Chalk down, placards up
Nigerian teachers struck after school abductions in Oyo and Borno demanding rescues and better security.
Teachers across Nigeria staged protests and strikes in late May and early June after a series of school abductions. The demonstrations were triggered by the kidnapping of pupils and teachers in Oyo and Borno states, including the killing of an assistant headmaster and the reported execution of an abducted teacher. The Nigeria Union of Teachers organised an indefinite strike in Oyo and solidarity rallies nationwide, demanding the rescue of victims and stronger school security. Protesters also criticised what they described as unequal government responses to kidnappings, while several governors pledged to engage security agencies.
The sustained national reaction to the Oriire school abduction in Oyo State stems not from novelty but from a profound regional shock—the kind that previous attacks elsewhere in Nigeria no longer generate. Residents of the Southwest have long comforted themselves with the belief that their region enjoys superior protection from the banditry endemic to the north. That illusion shattered in mid-May 2026.
When gunmen struck three schools across Ahoro-Esinle and Yawota, seizing dozens of pupils—including very young children—alongside their teachers, the attack crossed a psychological Rubicon. For teachers and parents, this was the haunting proof that no corner of the country remains truly safe. The Nigeria Union of Teachers responded with an indefinite strike in Oyo, and solidarity actions rippled rapidly across other states. The incident had pierced the heart of middle-class anxieties in a region defined by robust unions and vocal public opinion. In the same week, gunmen abducted approximately 42 students in Mussa, Borno State. That event generated negligible national noise. Communities in the Northeast have endured so many similar tragedies that collective fatigue has set in; the public no longer musters the same outrage.
The Oriire case stood apart because it unfolded in the Southwest, where media coverage travels faster and urban professionals mobilise with greater efficacy. The earlier abduction of Papiri Catholic schoolchildren in Niger State had drawn intense international attention from Christian advocacy groups and segments of the American public concerned about religious persecution. The Oyo incident lacks that specific religious dimension, yet it produced stronger domestic pressure precisely because it dismantled the myth of regional exceptionalism.
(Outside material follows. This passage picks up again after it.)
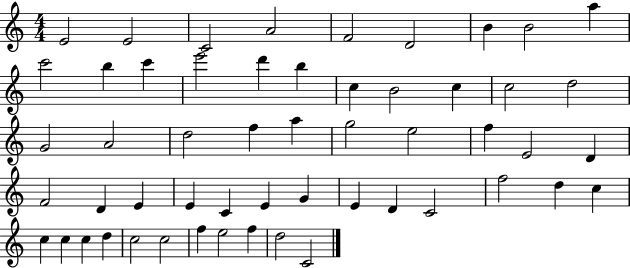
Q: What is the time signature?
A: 4/4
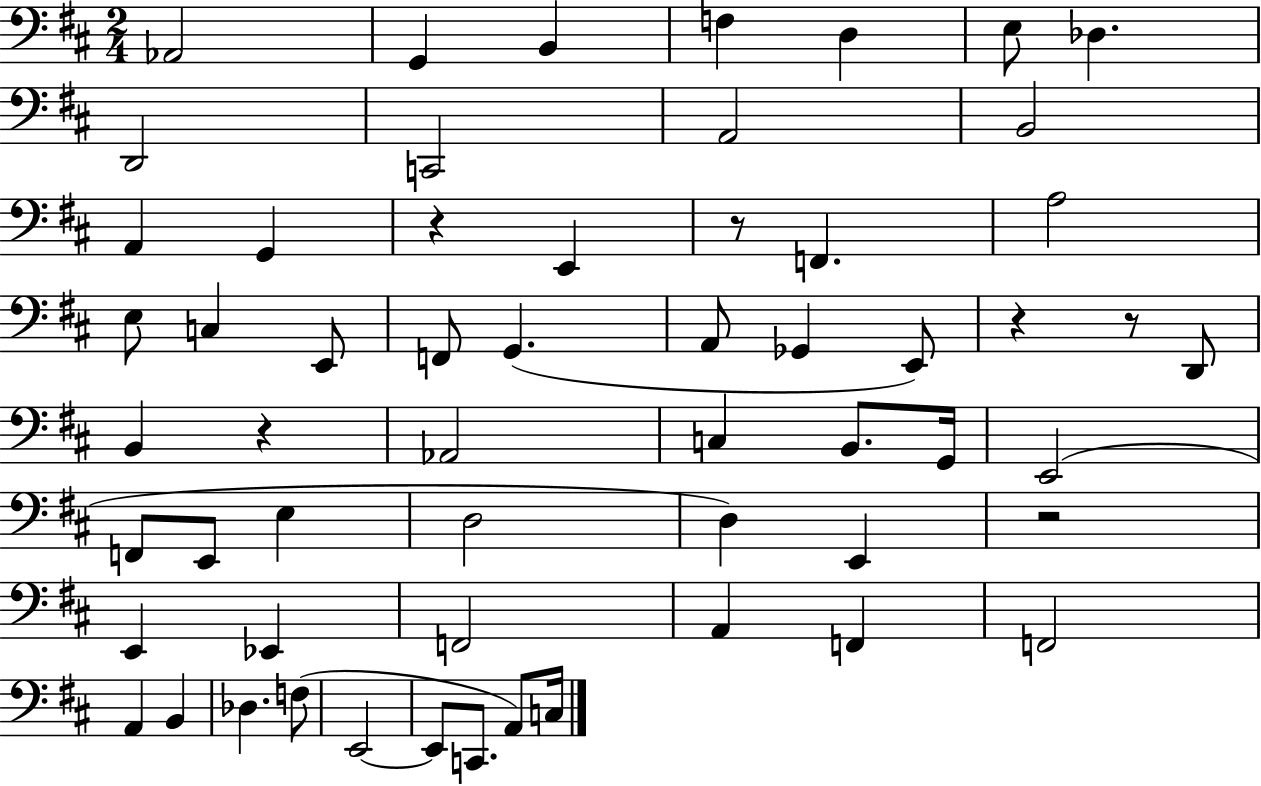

SBM Intelligence has tracked school abductions closely since 2014. Our reports indicate that more than 1,500 students have been taken in mass incidents across Nigeria during this period. Ransom payments have reached staggering levels. Families and state governments have paid sums estimated between ₦68 billion and well over ₦100 billion for school-related cases alone. These figures have escalated sharply in recent years as bandits recognised how reliably schools generate large payouts. The payments have transformed kidnapping into a structured business model—one that expands because success breeds imitation.
President Tinubu’s decision to deploy 1,000 forest guards to the Old Oyo National Park area reads less like a serious security solution and more like a political gesture. The guards possess valuable local environmental knowledge, but they carry light weapons and lack both the training and firepower of groups led by figures such as Sadiku of the JAS-JD faction of Boko Haram. These bandit networks operate with superior rifles, embedded intelligence networks within communities, and effortless mobility through dense forest. Previous experiments with auxiliary forces in similar environments have demonstrated that such units often become targets themselves rather than effective deterrents when confronting determined armed groups without proper military backup.
Regrettably, the ongoing protests and teacher strikes are unlikely to bring the abducted children home directly. These actions generate useful political heat, forcing governors and the federal government to demonstrate responsiveness. And they have done precisely the most predictable thing: choreographed federal visits followed by the forest guard announcement. A more likely outcome is an expedited ransom negotiation with Sadiku’s group, arriving mere weeks after the AFP reported that $7 million was paid to free the Papiri schoolchildren abducted by the same faction in late 2025.
Genuine rescues in these situations typically depend on credible intelligence, military raids, or negotiated payments. The true value of the current outrage lies in whether it can catalyse lasting improvements in school security and intelligence sharing across the Southwest. Without that, the protests risk following the familiar pattern: public anger ignites after an incident, then smoulders until the next one occurs. The coming weeks will reveal whether Oriire produces structural change or merely repeats the cycle of temporary attention followed by inertia.